Adrian M. S. Piper
Rationality and the Structure of the Self
A Two-Volume Study in Kantian Metaethics
With a new Preface to the Second Edition

Adrian Piper’s practice as a first-generation Conceptual artist in the 1960s led her to Kant’s Critique of Pure Reason; and this, in turn, to an in-depth study of philosophy that culminated in a Ph.D. in philosophy from Harvard and a successful academic career as a professor of philosophy. Though Piper has referred to this as her “day job,” she has also often said that her philosophical work is the theory that her artwork puts into practice. That theory is now available in its entirety in her Rationality and the Structure of the Self. Volume I: The Humean Conception critiques the prevailing desire-centered conception of the self, and Volume II: A Kantian Conception develops an original Kantian alternative. Encompassing the history of moral and political philosophy as well as engaging head-on with contemporary debates in ethics, economics and philosophical psychology, Piper’s two-volume project has been praised by philosophers as “groundbreaking,” “very powerful,” “original and important,” “brilliant,” “indispensable,” "a blockbuster" and “a highly significant contribution.” Art professionals will find it equally useful for understanding Piper’s unique contribution to Conceptual art and to art theory more generally.

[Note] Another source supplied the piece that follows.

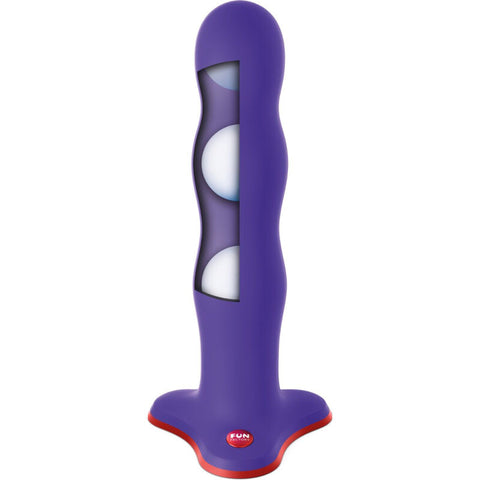 FUN FACTORY - BOUNCER DILDO VARIOS COLORES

NEW: Online Critique Symposium on Rationality and the Structure of the Self, Volume II: A Kantian Conception Comments: Professors Paul Guyer (Brown University) and Richard Bradley (LSE); Reply: Adrian Piper

Adrian Piper Video Interview:
Rationality and the Structure of the Self
by Robert Del Principe

Thirty-four years in the making, Rationality and the Structure of the Self was finally accepted for publication by Cambridge University Press after more than thirty referees had refused to read it. The first edition of both volumes appeared here as two open-access e-books in May 2008. Robert Del Principe asks candid questions, both pertinent and impertinent, about their history, content and implications. 60 Minutes. With German subtitles.

Rationality and the Structure of the Self

Volume I: The Humean Conception
ISBN #978-3-9813763-2-6 OPEN ACCESS

The Humean conception of the self consists in the belief-desire model of motivation and the utility-maximizing model of rationality. This conception has dominated Western thought in philosophy and the social sciences ever since Hobbes’ initial formulation in Leviathan and Hume’s elaboration in the Treatise of Human Nature. Bentham, Freud, Ramsey, Skinner, Allais, von Neumann and Morgenstern and others have added further refinements that have brought it to a high degree of formal sophistication. Late twentieth century moral philosophers such as Rawls, Brandt, Frankfurt, Nagel and Williams have taken it for granted, and have made use of it to supply metaethical foundations for a wide variety of normative moral theories. But the Humean con­ception of the self also leads to seemingly insoluble problems about moral motivation, rational final ends, and moral justification. Can it be made to work?

Rationality and the Structure of the Self

Volume II: A Kantian Conception
ISBN #978-3-9813763-3-3 OPEN ACCESS

Adrian Piper argues that the Humean conception can be made to work only if it is placed in the context of a wider and genuinely universal conception of the self, whose origins are to be found in Kant’s Critique of Pure Reason. This conception comprises the basic canons of classical logic, which provide both a model of motivation and a model of rationality. These supply necessary conditions both for the coherence and integrity of the self and also for unified agency. The Kantian conception solves certain intractable problems in decision theory by integrating it into classical predicate logic, and provides answers to longstanding controversies in metaethics concerning moral motivation, rational final ends, and moral justification that the Humean conception engenders. In addition, it sheds light on certain kinds of moral behavior – for example, the whistleblower – that the Humean conception is at a loss to explain.